- [Data for this exercise]
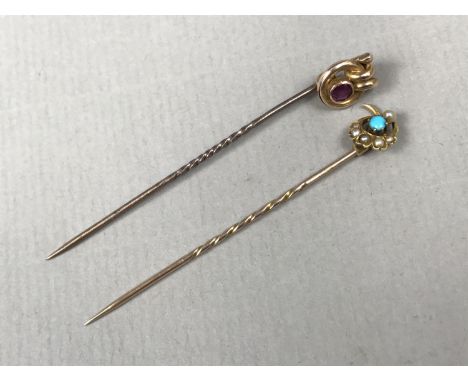 A late 19th Century amethyst and yellow-metal stick pin, stamped 9ct, together with one further similar set with turquoise an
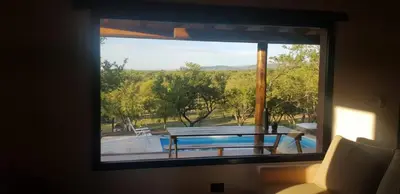 a window with a view of a table and a pool at La Peperina in San Javier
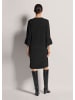 MADELEINE Etui-Kleid mit Trompetenärmeln in schwarz
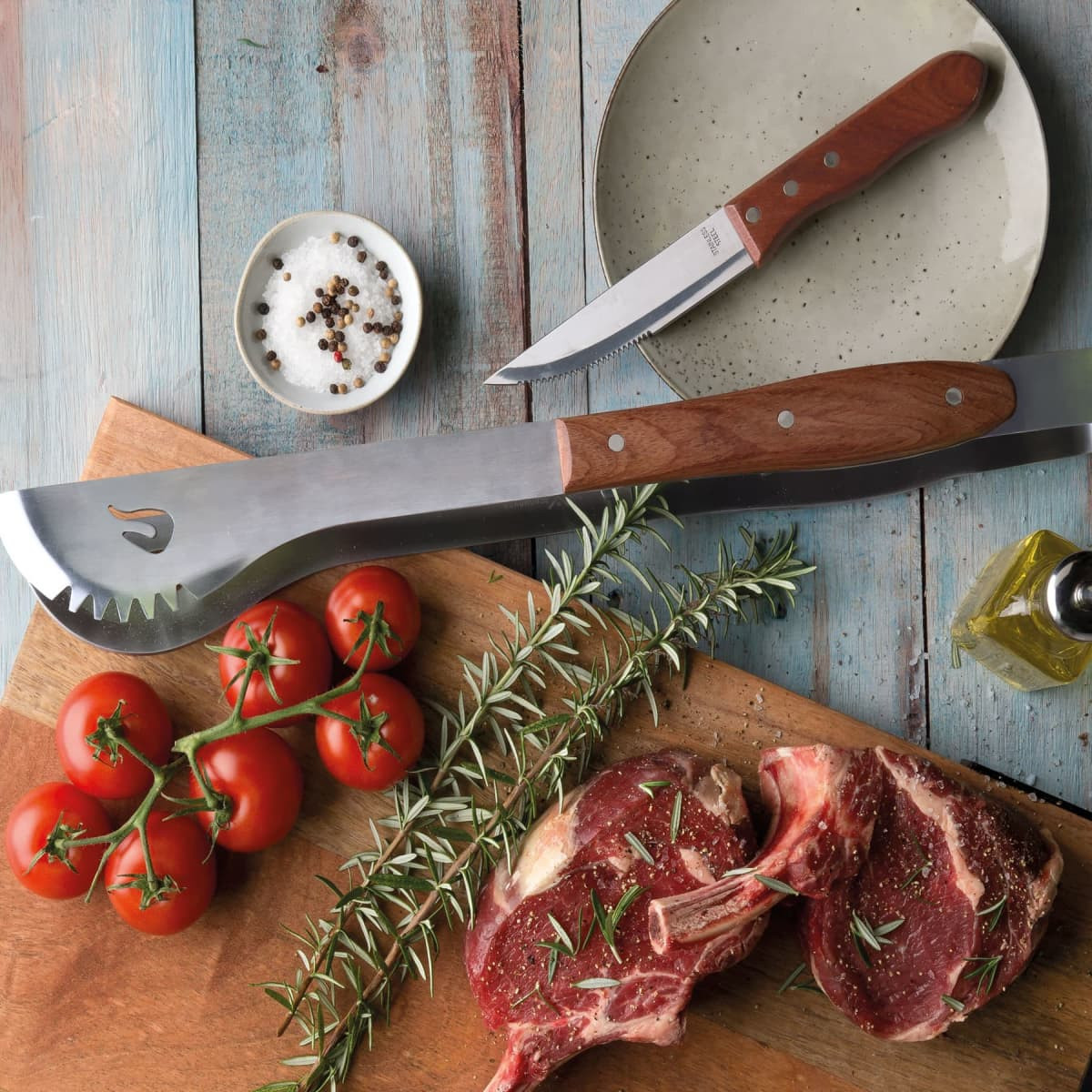 A pair of stainless steel tongs with wooden handles, surrounded by fresh tomatoes, herbs, and a knife on a wooden board.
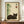 May include: Framed Japanese-style artwork featuring a sleeping dark gray cat beside green bamboo stalks on cream background, displayed on wooden sideboard with white ceramic vase and books, against white paneled wall in modern interior setting.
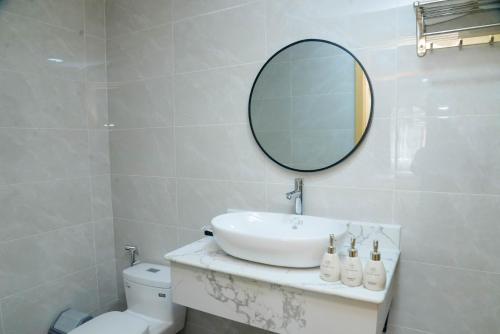 a bathroom with a sink and a mirror on the wall at Tina's House & Spa - Sunset Town Phu Quoc in Phu Quoc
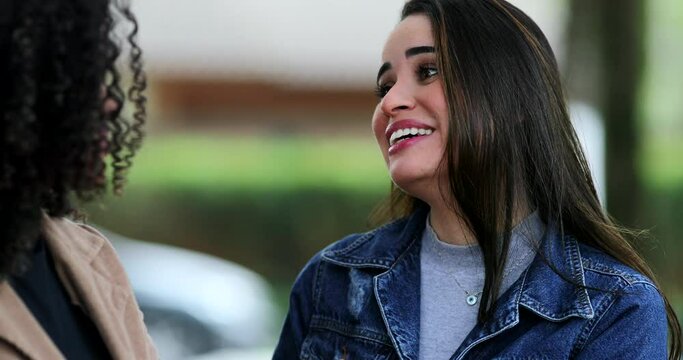 Two young women in conversation outside laughing and smiling, woman candid suprise to gossip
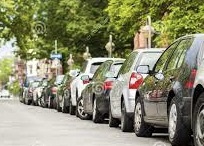 Photograph of many cars parking along residential street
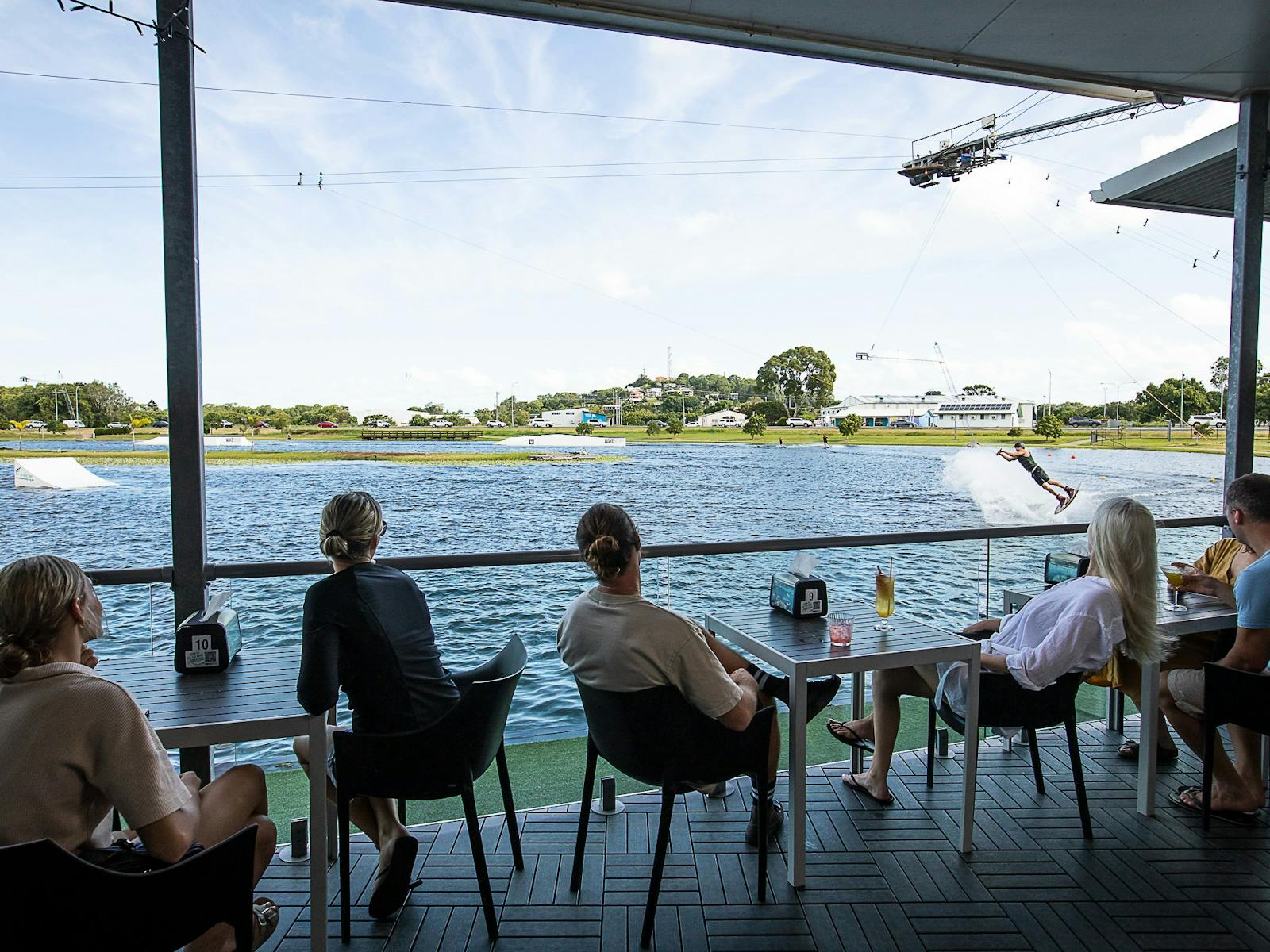 Customers enjoying a drink, relaxing, watching the wakeboarding lake from the cafe deck. Customers enjoying a drink, relaxing, watching the wakeboarding lake from the cafe deck.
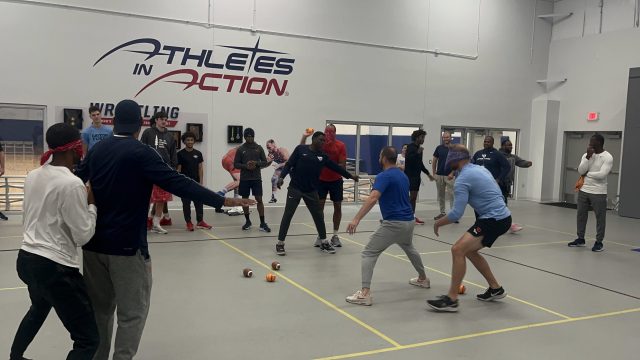College athletes in a team-building drill in the Fieldhouse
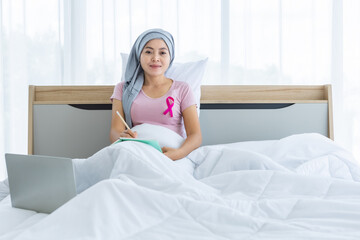Obraz na płótnie Canvas a asian women disease mammary cancer patient with pink ribbon wearing headscarf After treatment to chemotherapy with Take notes in a notebook and laptop on bed In the bedroom at the house,healthcare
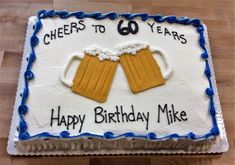 a birthday cake with two beer mugs on it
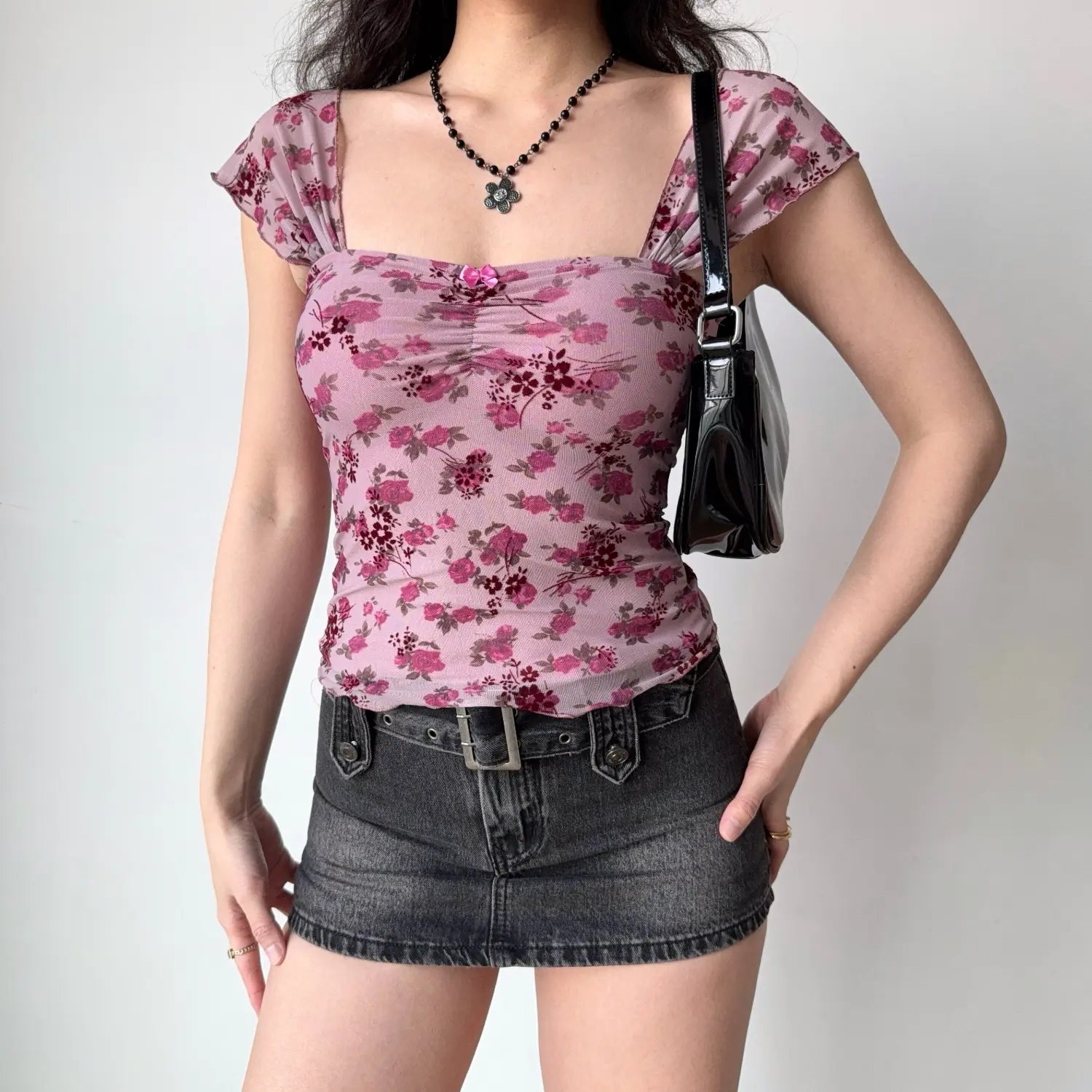 Full body lifestyle shot, model wearing pink floral mesh blouse matched with dark grey denim mini skirt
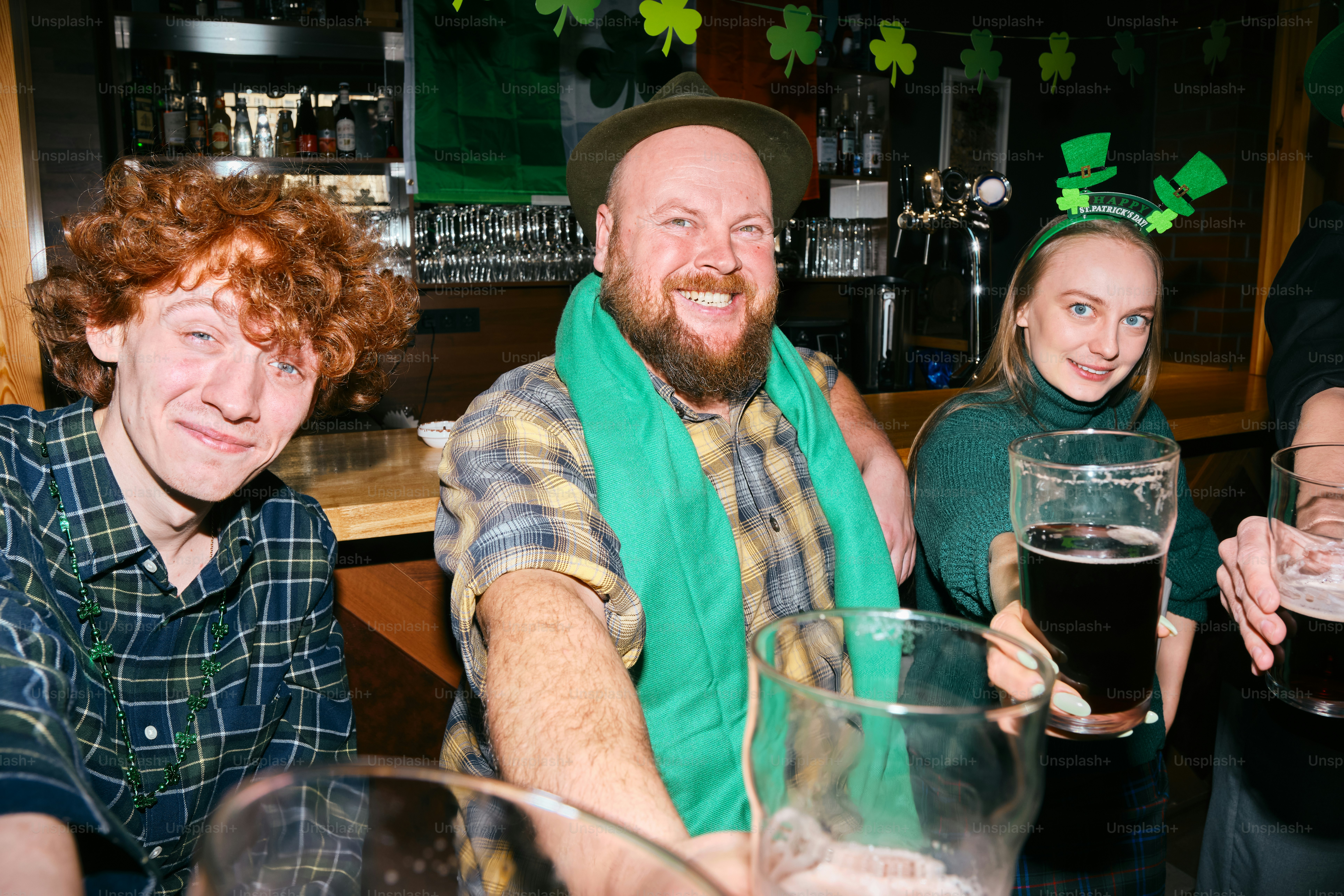 A group of people sitting at a bar with glasses of beer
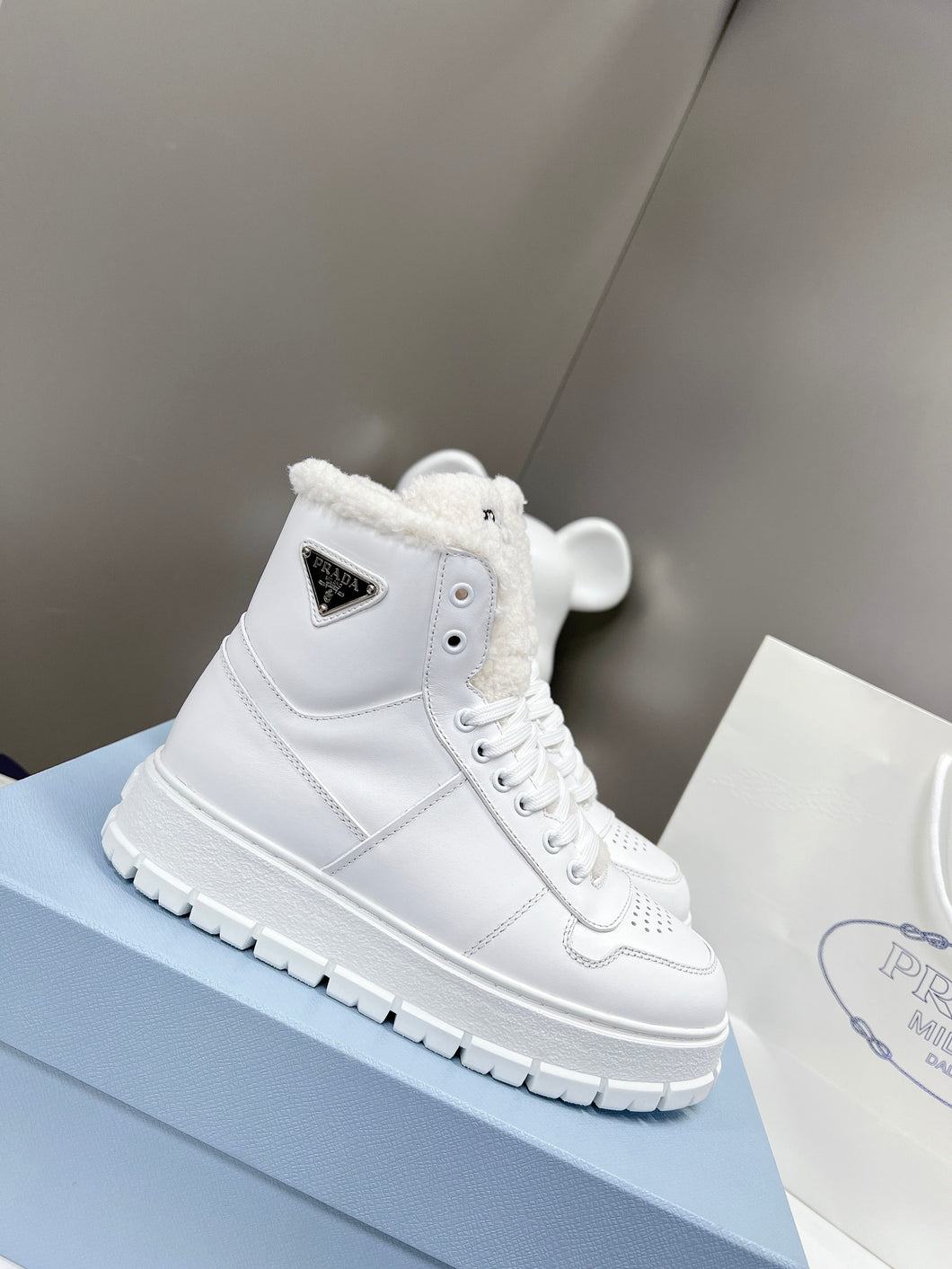 Prada Leather And Shearling High Top  Sneakers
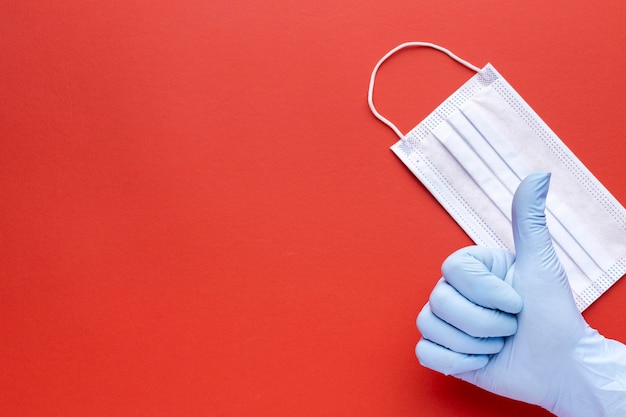 Vista dall'alto della mano che dà i pollici in su con maschera medica e copia spazio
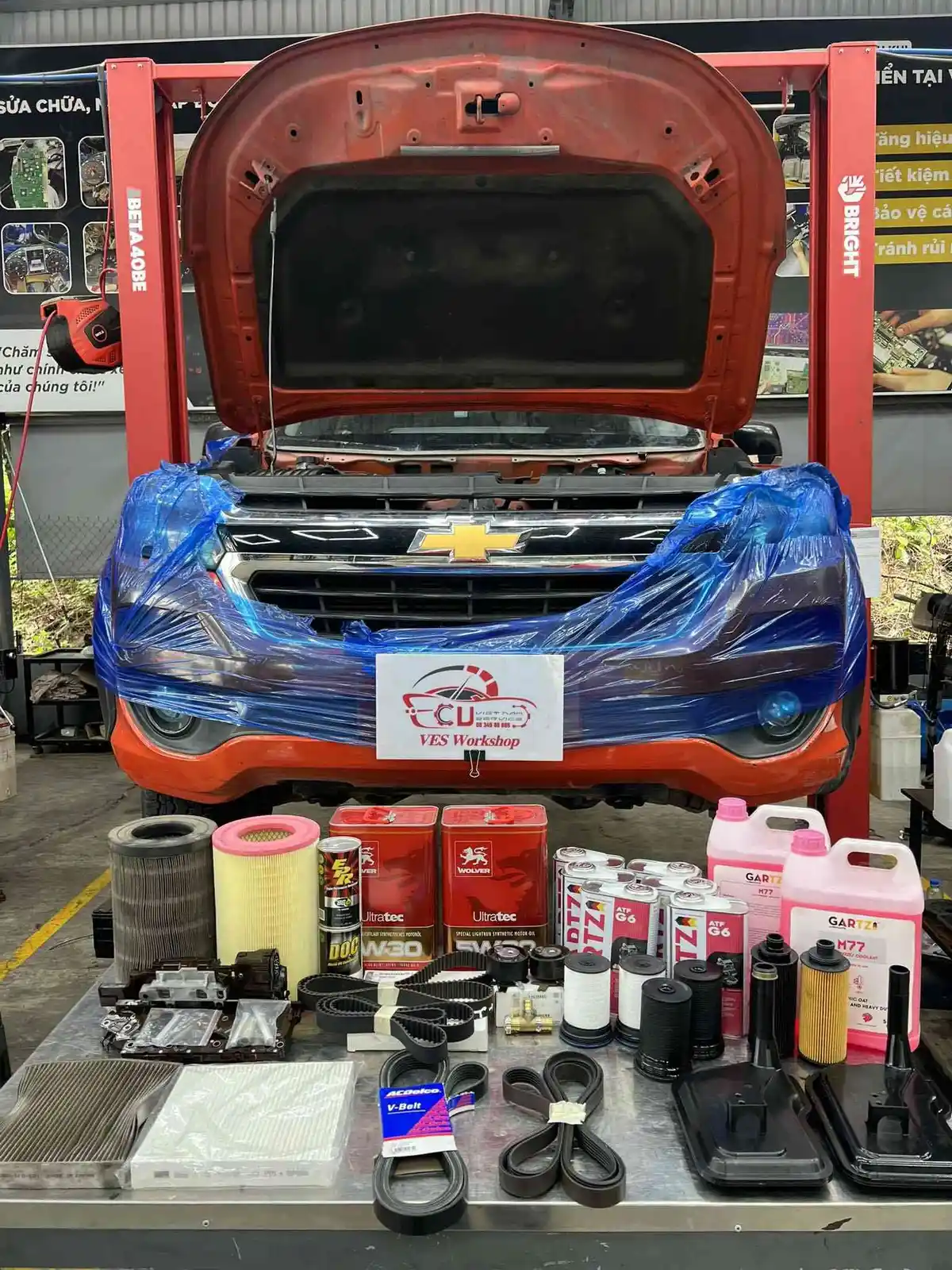 Hình ảnh thợ kỹ thuật đang kiểm tra động cơ hoặc các bộ phận khác của xe Chevrolet tại một garage, minh họa cho việc bảo dưỡng xe định kỳ và chuyên nghiệp.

- [Requirement]
Restate the data above verbatim, skipping every image.

- [Reply]
 A late 19th Century amethyst and yellow-metal stick pin, stamped 9ct, together with one further similar set with turquoise an
 a window with a view of a table and a pool at La Peperina in San Javier
 MADELEINE Etui-Kleid mit Trompetenärmeln in schwarz
 A pair of stainless steel tongs with wooden handles, surrounded by fresh tomatoes, herbs, and a knife on a wooden board.
 May include: Framed Japanese-style artwork featuring a sleeping dark gray cat beside green bamboo stalks on cream background, displayed on wooden sideboard with white ceramic vase and books, against white paneled wall in modern interior setting.
 a bathroom with a sink and a mirror on the wall at Tina's House & Spa - Sunset Town Phu Quoc in Phu Quoc
 Two young women in conversation outside laughing and smiling, woman candid suprise to gossip
 Photograph of many cars parking along residential street
 Customers enjoying a drink, relaxing, watching the wakeboarding lake from the cafe deck. Customers enjoying a drink, relaxing, watching the wakeboarding lake from the cafe deck.
College athletes in a team-building drill in the Fieldhouse
Obraz na płótnie Canvas a asian women disease mammary cancer patient with pink ribbon wearing headscarf After treatment to chemotherapy with Take notes in a notebook and laptop on bed In the bedroom at the house,healthcare
 a birthday cake with two beer mugs on it
 Full body lifestyle shot, model wearing pink floral mesh blouse matched with dark grey denim mini skirt
 A group of people sitting at a bar with glasses of beer
 Prada Leather And Shearling High Top  Sneakers
 Vista dall'alto della mano che dà i pollici in su con maschera medica e copia spazio
 Hình ảnh thợ kỹ thuật đang kiểm tra động cơ hoặc các bộ phận khác của xe Chevrolet tại một garage, minh họa cho việc bảo dưỡng xe định kỳ và chuyên nghiệp.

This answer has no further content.